Bereits Anfang 2023 will Netflix gegen das Teilen von Passwörtern über einen Haushalt hinaus vorgehen. Das berichtet das "Wall Street Journal" unter Berufung auf Insider-Informationen. Der Artikel spricht zwar nur von den USA, es ist aber davon auszugehen, dass andere Regionen bald folgen werden.
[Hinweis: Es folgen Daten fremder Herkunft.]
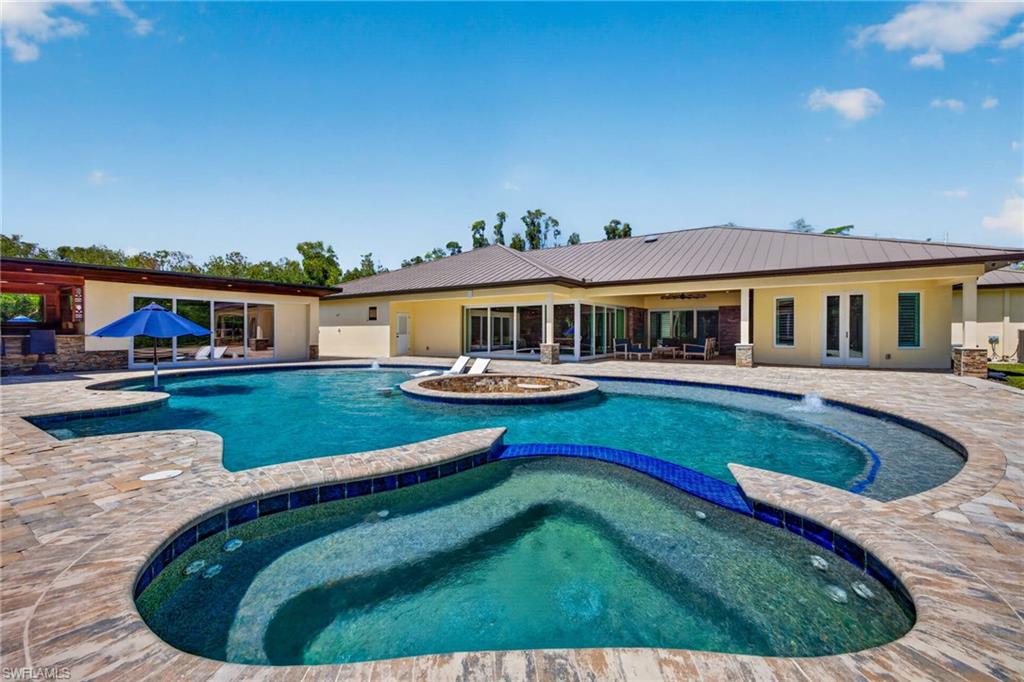 Resort Style Pool/ Spa/ Fire Pit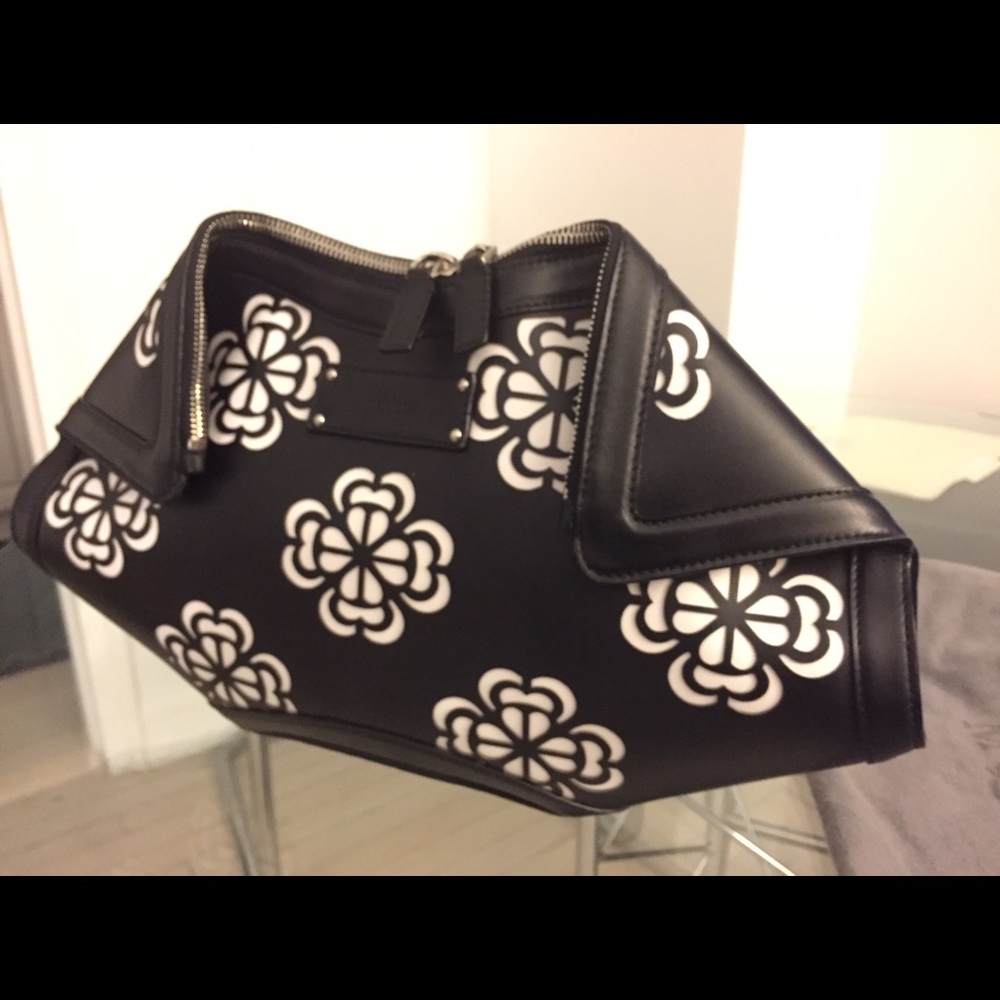 Alexander McQueen De Manta Clutch - Leather - Picture 2 of 8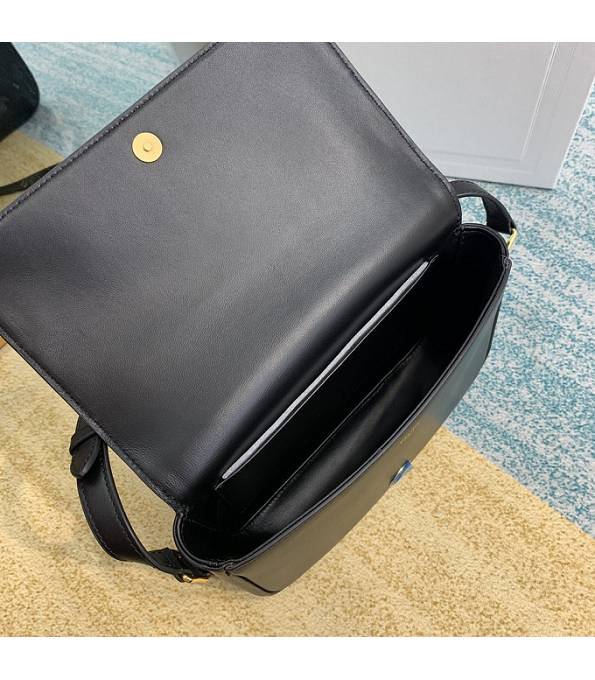 Celine Horsebit Black Original Plain Veins Leather Medium Chain Maillon Triomphe Bag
Wieso Netflix hier jetzt so Druck macht, wird anhand einer Zahl klar: Laut dem "Wall Street Journal" benutzen weltweit 100 Million Personen den Dienst mit "geliehenen" Passwörtern, dies bei 220 Millionen Netflix-Kunden insgesamt. Über diese sollen nun zusätzliche Einnahmen lukriert werden – so zumindest die Hoffnung.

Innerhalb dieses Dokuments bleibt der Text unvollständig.